Input data:
#####
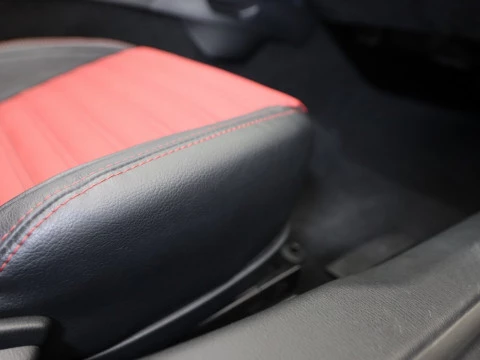 Fiat 124 SPIDER cabrio 1.4 MULTIAIR LUSSO AUTO 2P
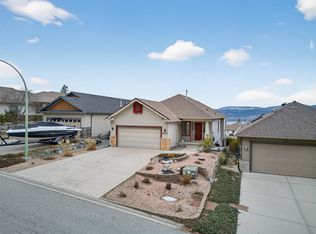 5038 S Ridge Dr, Kelowna, BC V1W 4W6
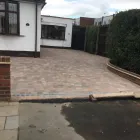 Business 1 image CHANGING SPACES LANDSCAPES Paving & Driveway Contractors in Romford Gr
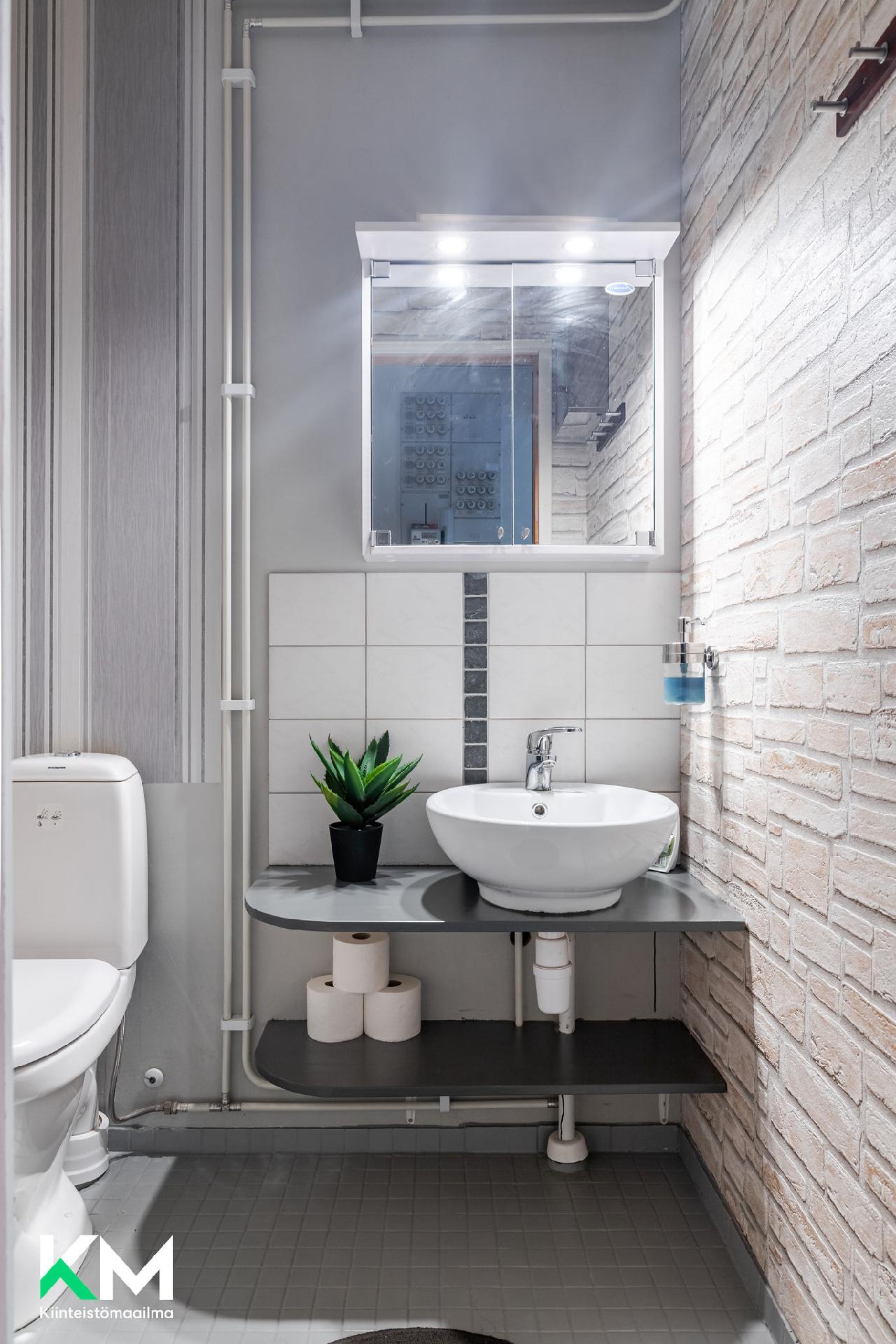 Kalliorinne 6, Niinikoski, Orimattila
#####
Work to be completed: Write out every line above again exactly, with the pictures left out.

Your response:
 Fiat 124 SPIDER cabrio 1.4 MULTIAIR LUSSO AUTO 2P
 5038 S Ridge Dr, Kelowna, BC V1W 4W6
 Business 1 image CHANGING SPACES LANDSCAPES Paving & Driveway Contractors in Romford Gr
 Kalliorinne 6, Niinikoski, Orimattila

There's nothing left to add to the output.